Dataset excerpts
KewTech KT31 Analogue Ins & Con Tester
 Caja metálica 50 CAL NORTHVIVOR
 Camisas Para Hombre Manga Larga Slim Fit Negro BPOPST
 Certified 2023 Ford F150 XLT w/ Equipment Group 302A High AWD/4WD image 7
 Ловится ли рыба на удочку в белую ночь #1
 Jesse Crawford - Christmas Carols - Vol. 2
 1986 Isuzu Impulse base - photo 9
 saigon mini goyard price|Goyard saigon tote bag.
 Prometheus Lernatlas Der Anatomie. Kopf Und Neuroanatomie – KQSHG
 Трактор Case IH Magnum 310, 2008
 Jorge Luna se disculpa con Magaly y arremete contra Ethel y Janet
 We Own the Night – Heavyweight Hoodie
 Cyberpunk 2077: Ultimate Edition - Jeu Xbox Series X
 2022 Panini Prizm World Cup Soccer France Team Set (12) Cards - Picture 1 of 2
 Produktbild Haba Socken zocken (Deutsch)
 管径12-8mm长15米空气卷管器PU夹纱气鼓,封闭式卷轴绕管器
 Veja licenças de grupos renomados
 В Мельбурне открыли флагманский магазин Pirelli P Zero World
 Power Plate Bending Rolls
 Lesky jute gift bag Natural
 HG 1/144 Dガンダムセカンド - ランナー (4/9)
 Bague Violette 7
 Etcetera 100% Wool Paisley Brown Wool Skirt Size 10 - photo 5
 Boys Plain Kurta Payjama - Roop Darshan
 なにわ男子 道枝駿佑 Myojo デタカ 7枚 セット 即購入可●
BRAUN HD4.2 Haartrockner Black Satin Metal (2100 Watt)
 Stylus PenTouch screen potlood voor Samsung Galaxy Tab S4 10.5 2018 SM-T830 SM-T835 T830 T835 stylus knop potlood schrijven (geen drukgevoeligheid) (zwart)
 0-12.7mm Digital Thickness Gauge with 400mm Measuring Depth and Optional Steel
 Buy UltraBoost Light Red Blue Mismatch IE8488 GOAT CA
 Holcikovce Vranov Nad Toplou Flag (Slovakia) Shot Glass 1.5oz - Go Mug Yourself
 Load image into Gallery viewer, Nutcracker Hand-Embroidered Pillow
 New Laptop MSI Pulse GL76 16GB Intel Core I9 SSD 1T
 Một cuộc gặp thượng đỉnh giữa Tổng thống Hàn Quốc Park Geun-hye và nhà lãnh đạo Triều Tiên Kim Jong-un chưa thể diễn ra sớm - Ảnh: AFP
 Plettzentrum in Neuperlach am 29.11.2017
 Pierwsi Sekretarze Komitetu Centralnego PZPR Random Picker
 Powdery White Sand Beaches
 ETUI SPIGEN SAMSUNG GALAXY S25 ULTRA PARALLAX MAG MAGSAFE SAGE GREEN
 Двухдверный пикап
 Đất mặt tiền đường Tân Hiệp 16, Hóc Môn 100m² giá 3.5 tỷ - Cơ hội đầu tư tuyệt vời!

**What to work on**
Look above for the line holding "Jorge Luna se". Print it and every line after it, exactly, through the line holding "Produktbild Haba Socken zocken (Deutsch)".

**Output below**
 Jorge Luna se disculpa con Magaly y arremete contra Ethel y Janet
 We Own the Night – Heavyweight Hoodie
 Cyberpunk 2077: Ultimate Edition - Jeu Xbox Series X
 2022 Panini Prizm World Cup Soccer France Team Set (12) Cards - Picture 1 of 2
 Produktbild Haba Socken zocken (Deutsch)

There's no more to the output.